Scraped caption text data
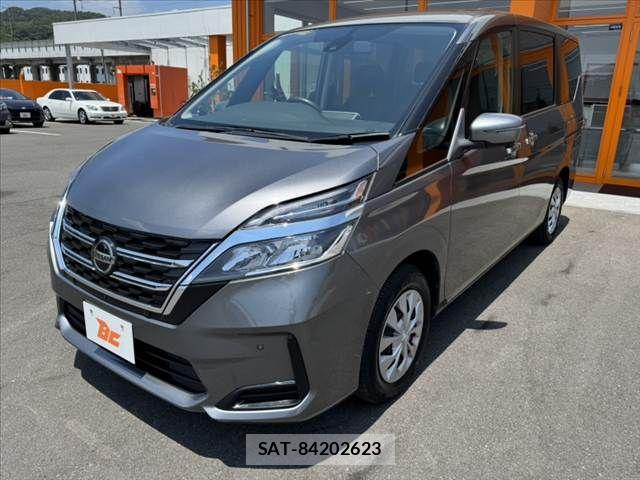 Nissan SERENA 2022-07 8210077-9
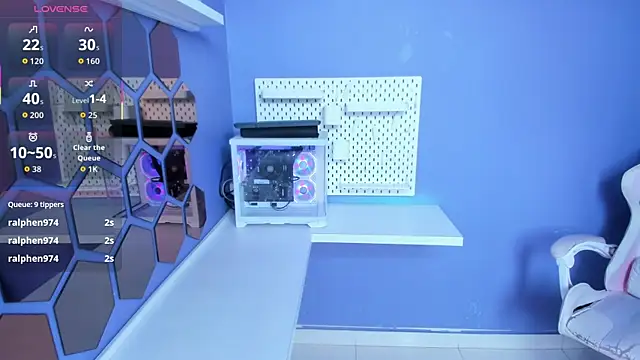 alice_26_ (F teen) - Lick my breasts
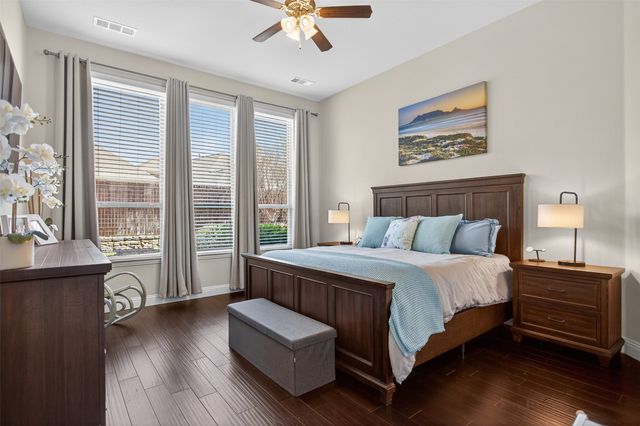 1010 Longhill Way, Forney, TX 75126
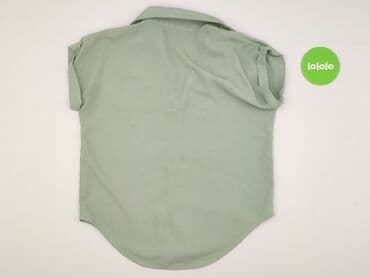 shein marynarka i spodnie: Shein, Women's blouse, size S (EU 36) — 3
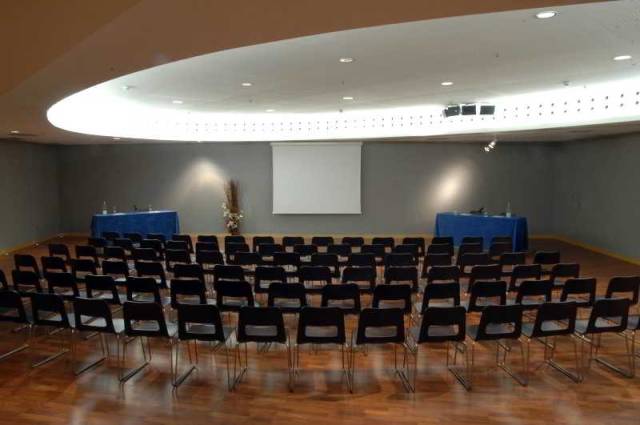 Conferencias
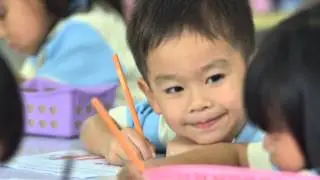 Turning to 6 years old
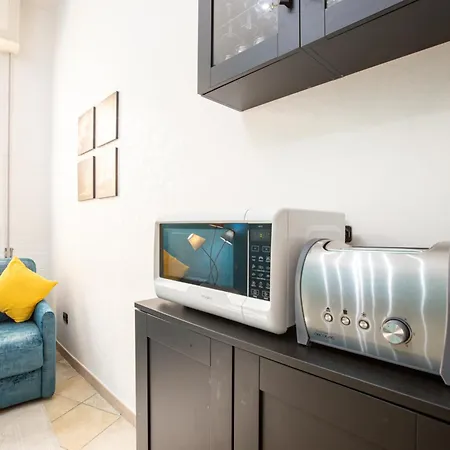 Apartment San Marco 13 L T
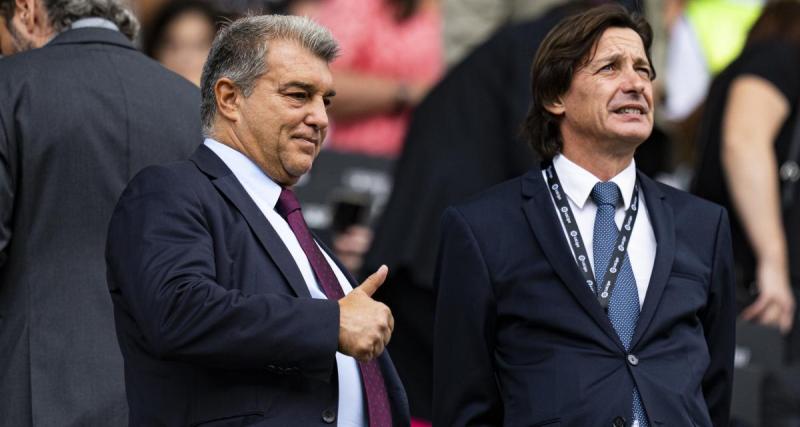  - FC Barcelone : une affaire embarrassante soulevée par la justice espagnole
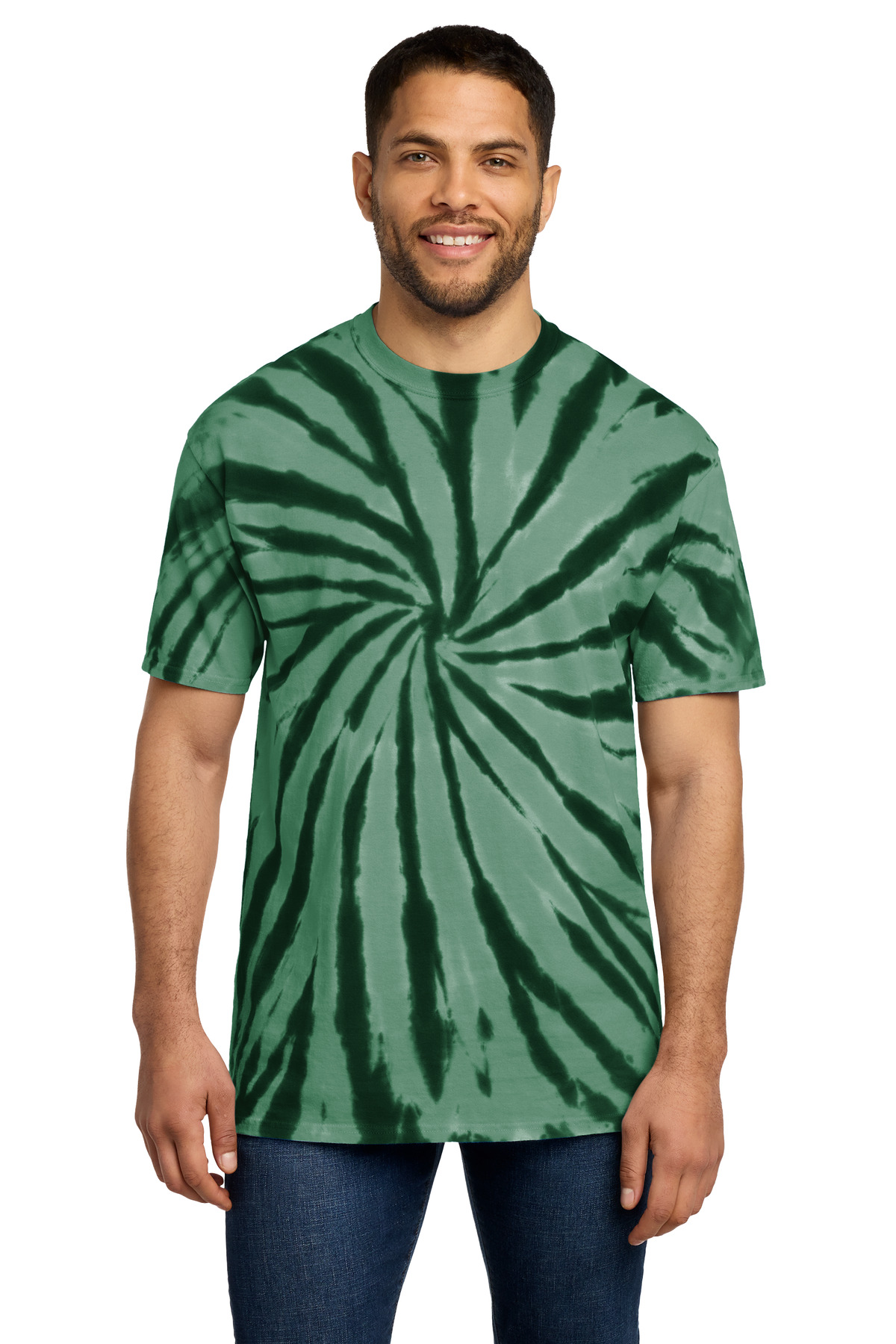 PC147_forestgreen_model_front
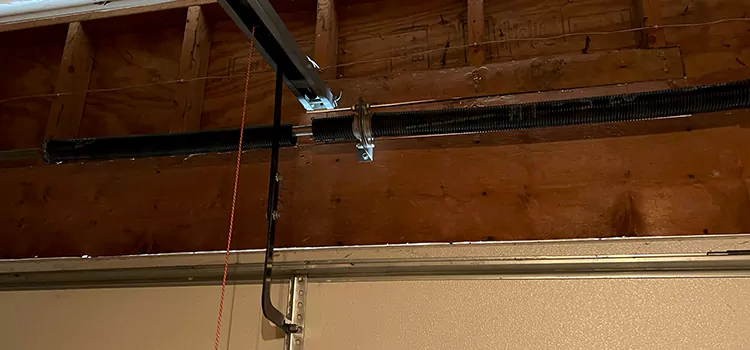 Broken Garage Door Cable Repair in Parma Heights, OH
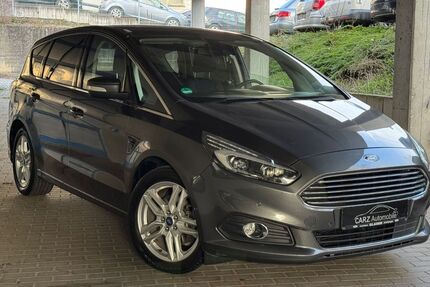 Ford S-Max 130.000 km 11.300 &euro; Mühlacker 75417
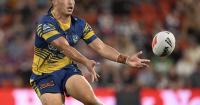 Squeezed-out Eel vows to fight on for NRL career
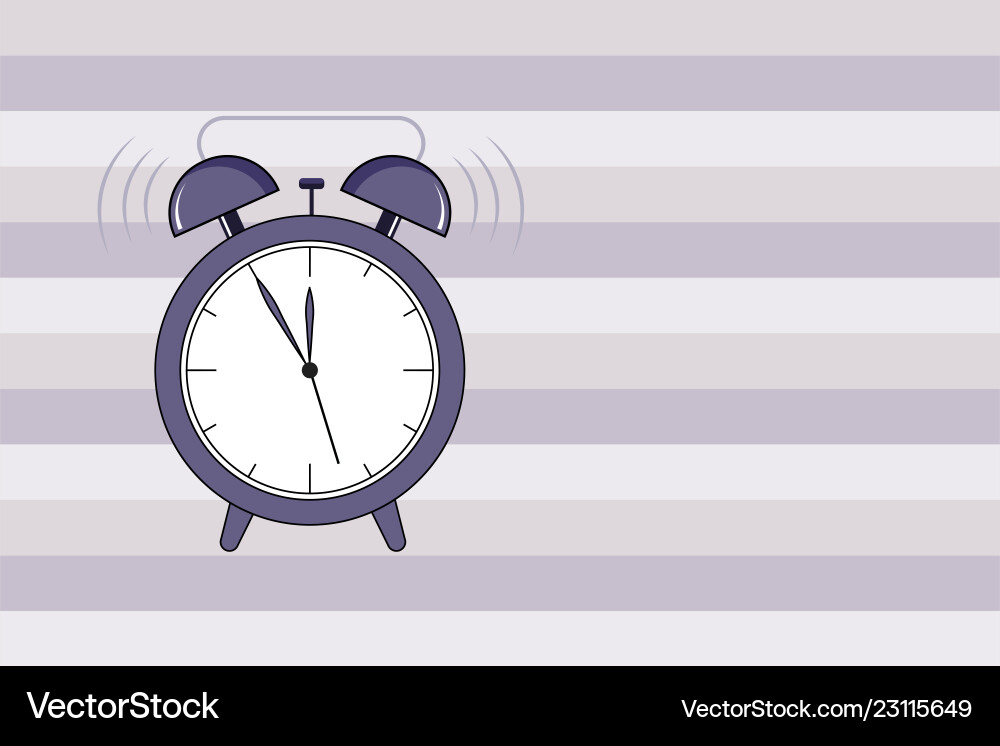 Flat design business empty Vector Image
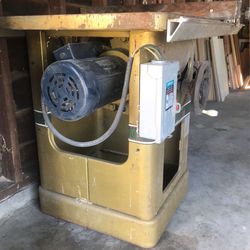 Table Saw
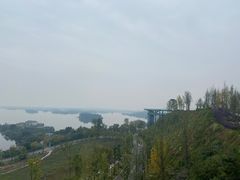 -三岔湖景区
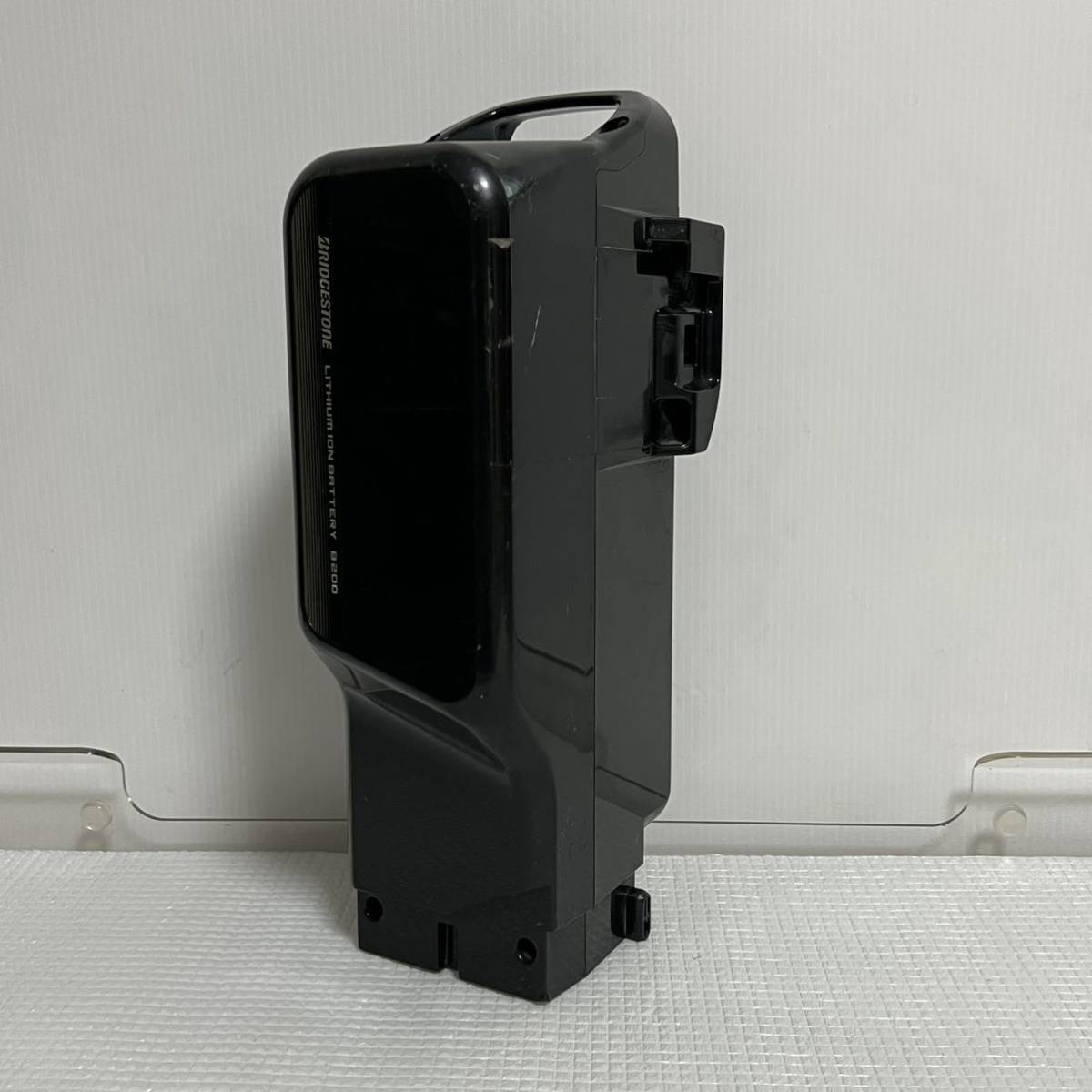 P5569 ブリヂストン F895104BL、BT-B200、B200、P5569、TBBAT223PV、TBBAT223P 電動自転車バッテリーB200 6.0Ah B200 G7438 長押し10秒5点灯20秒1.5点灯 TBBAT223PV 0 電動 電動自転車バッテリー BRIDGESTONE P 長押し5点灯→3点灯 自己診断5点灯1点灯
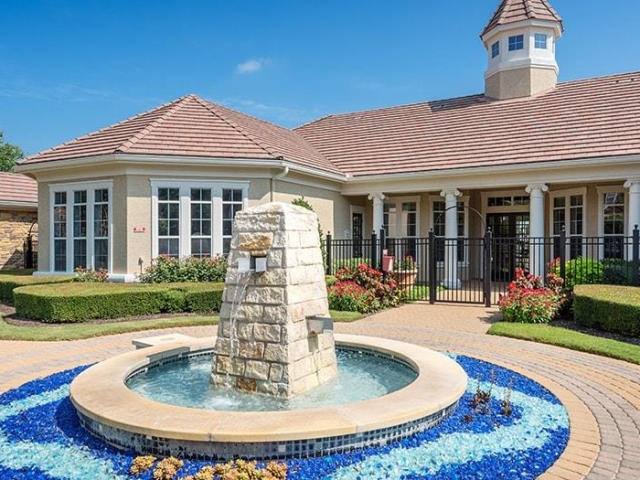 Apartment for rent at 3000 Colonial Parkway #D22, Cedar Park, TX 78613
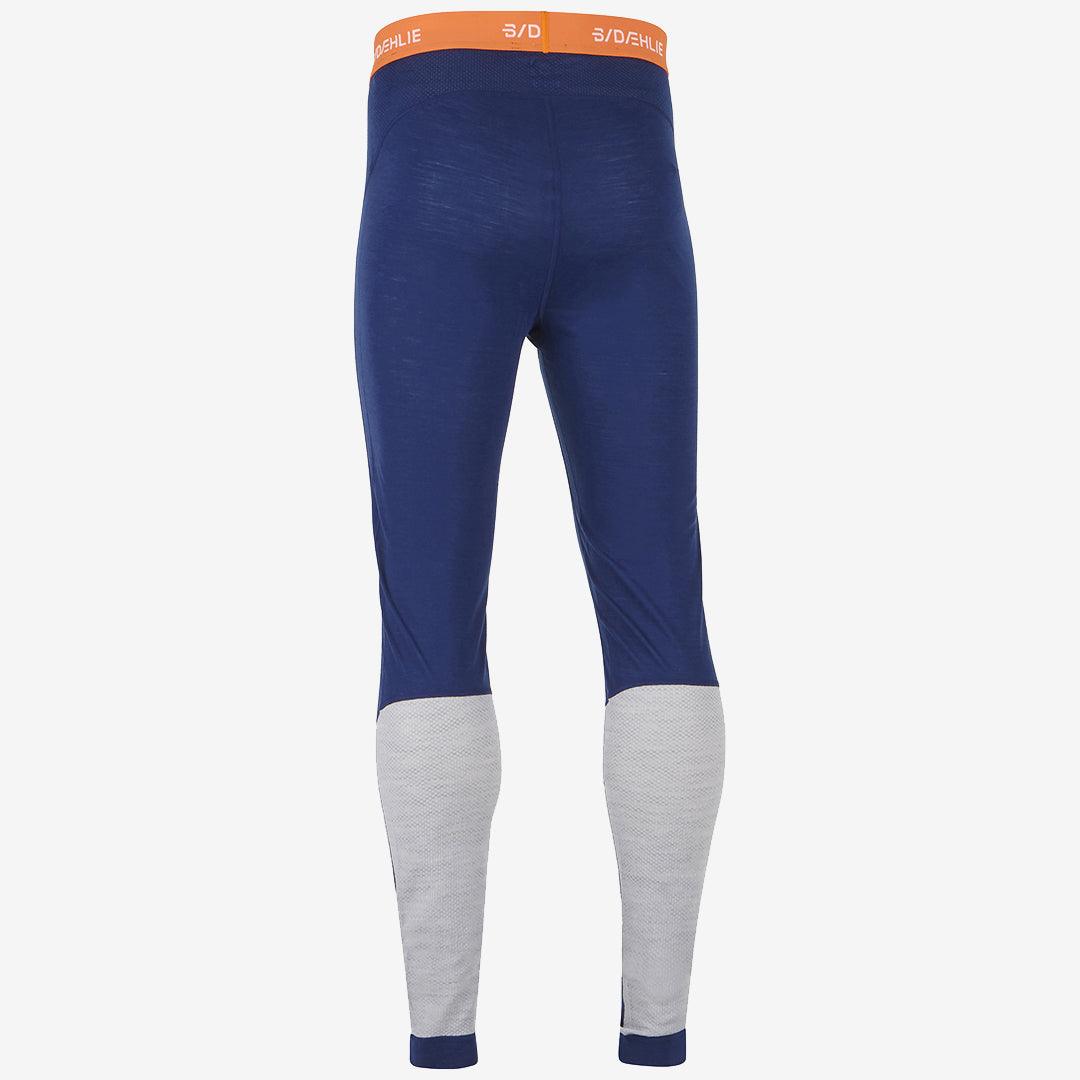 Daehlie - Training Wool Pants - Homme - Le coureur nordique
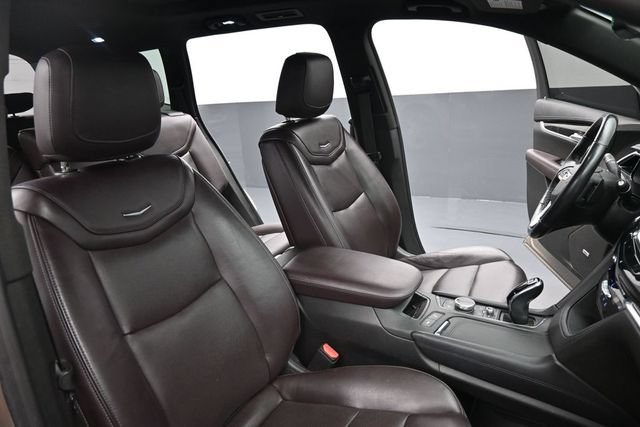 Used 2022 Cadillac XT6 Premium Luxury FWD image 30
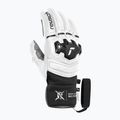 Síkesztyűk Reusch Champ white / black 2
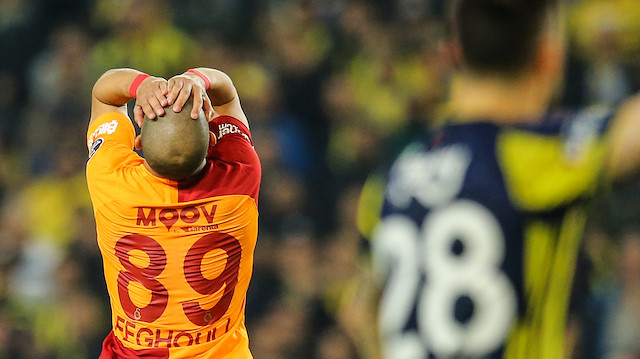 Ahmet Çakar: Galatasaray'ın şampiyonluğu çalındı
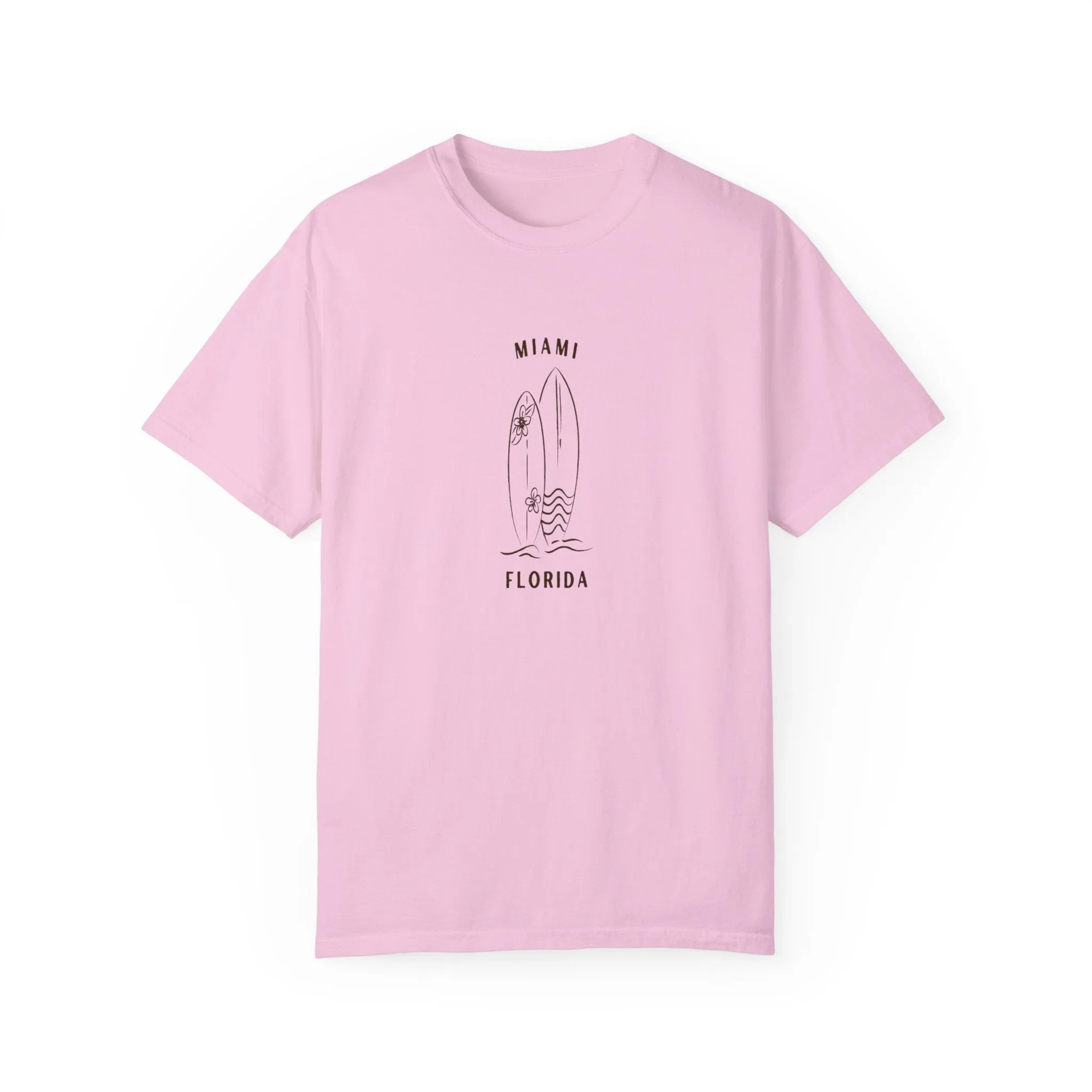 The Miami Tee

■ Exercise requirements ■
The result should be a verbatim copy of the data, free of pictures.

■ Problem solution ■
 Nissan SERENA 2022-07 8210077-9
 alice_26_ (F teen) - Lick my breasts
 1010 Longhill Way, Forney, TX 75126
 shein marynarka i spodnie: Shein, Women's blouse, size S (EU 36) — 3
 Conferencias
 Turning to 6 years old
 Apartment San Marco 13 L T
  - FC Barcelone : une affaire embarrassante soulevée par la justice espagnole
 PC147_forestgreen_model_front
 Broken Garage Door Cable Repair in Parma Heights, OH
 Ford S-Max 130.000 km 11.300 &euro; Mühlacker 75417
 Squeezed-out Eel vows to fight on for NRL career
 Flat design business empty Vector Image
 Table Saw
 -三岔湖景区
 P5569 ブリヂストン F895104BL、BT-B200、B200、P5569、TBBAT223PV、TBBAT223P 電動自転車バッテリーB200 6.0Ah B200 G7438 長押し10秒5点灯20秒1.5点灯 TBBAT223PV 0 電動 電動自転車バッテリー BRIDGESTONE P 長押し5点灯→3点灯 自己診断5点灯1点灯
 Apartment for rent at 3000 Colonial Parkway #D22, Cedar Park, TX 78613
 Daehlie - Training Wool Pants - Homme - Le coureur nordique
 Used 2022 Cadillac XT6 Premium Luxury FWD image 30
 Síkesztyűk Reusch Champ white / black 2
 Ahmet Çakar: Galatasaray'ın şampiyonluğu çalındı
 The Miami Tee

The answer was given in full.